A jornalista do PÚBLICO Joana Gorjão Henriques é a vencedora do Prémio Gazeta de Imprensa 2017 pela série de seis reportagens "Racismo à Portuguesa", divulgou esta terça-feira o Clube de Jornalistas. "Espero que o prémio signifique que há mais gente a reconhecer que há uma grande falha na sociedade portuguesa", disse a jornalista. "Espero também que a série desperte mais gente — porque este processo para chegar à justiça social é um caminho árduo e longo".
Adriano Miranda é distinguido com o Prémio Gazeta de Fotografia pelo retrato de Manuel Francisco publicado na primeira página do PÚBLICO de 17 de Outubro de 2017, e que se tornou num dos símbolos das populações atingidas pelos incêndios florestais do ano passado.
O Prémio Gazeta Revelação é atribuído à jornalista Margarida David Cardoso pela reportagem "A noite do fim do mundo", sobre as cheias de 1967, publicada no P2.

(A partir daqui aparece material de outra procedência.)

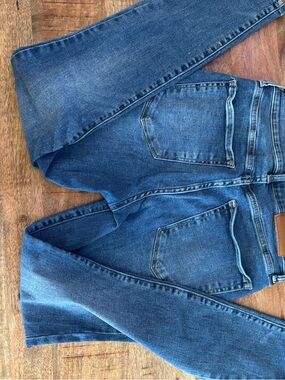 Lucky Brand High-Rise Bridgette Jeans in Medium Blue Wash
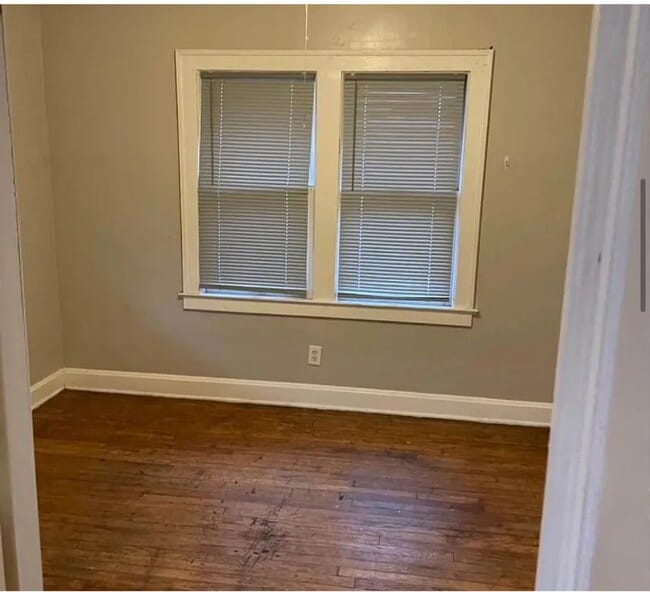 Building Photo - 3 bed 1 bath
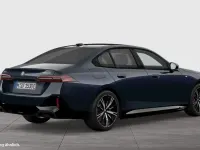 Gebraucht BMW 550e M Sport 313 PS (230 kW) 2025 Schwarz Limousine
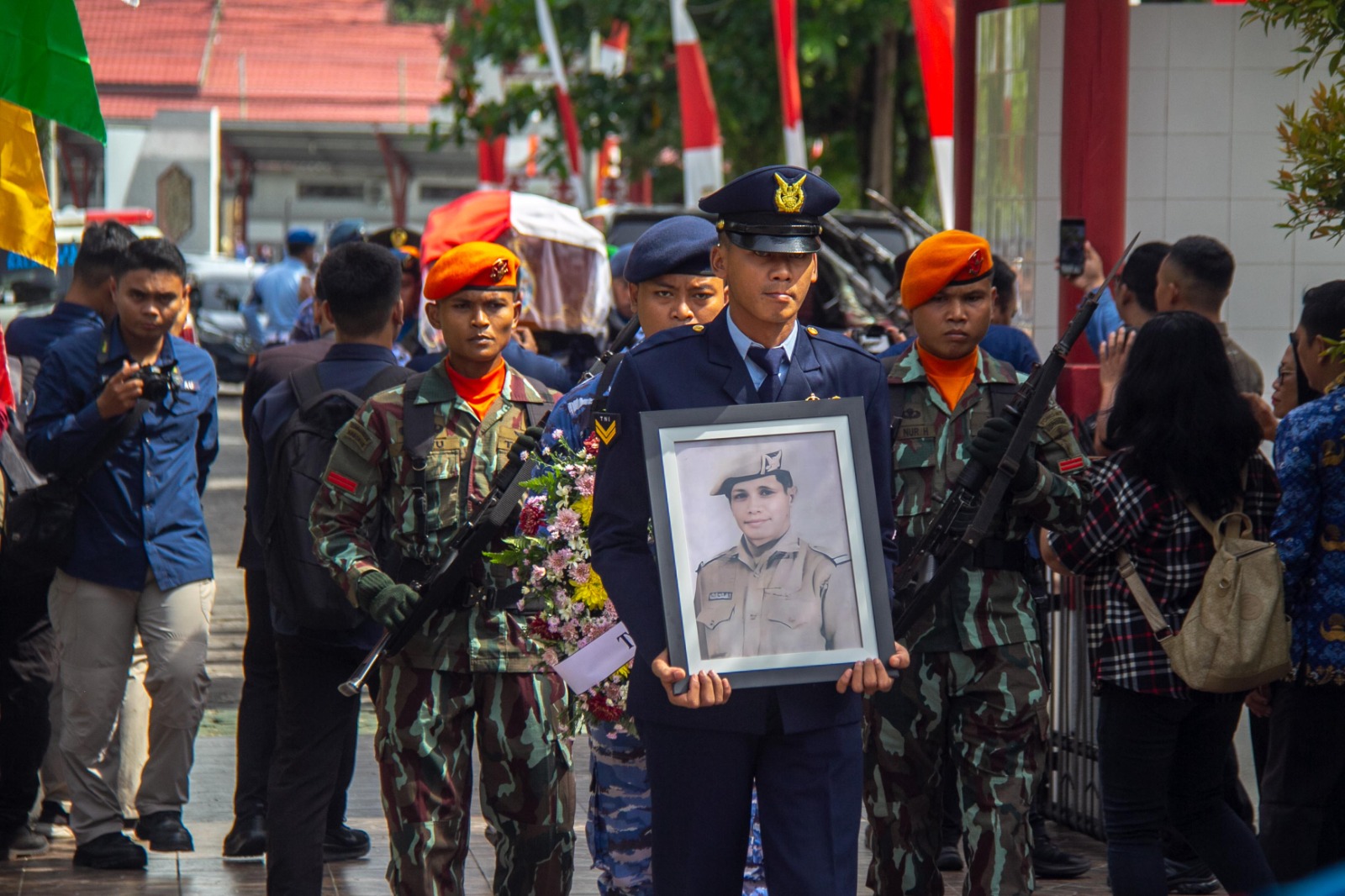 Pemakaman Letnan Muda Udara Dua Cornelius Willem.ARIEF PRATHAMA/KALTENG POS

Ao jornalista Luís Filipe Costa, com percurso ligado à RTP e ao extinto Rádio Clube Português, é atribuído o Prémio Gazeta de Mérito. O prémio para trabalhos multimédia vai para João Santos Duarte e Tiago Miranda (Expresso). Cláudia Arsénio (TSF) é distinguida com o Gazeta de Rádio, enquanto Pedro Coelho (SIC) recebe o prémio de televisão. A Gazeta de Imprensa Regional vai este ano para o Correio da Feira, semanário de Santa Maria da Feira.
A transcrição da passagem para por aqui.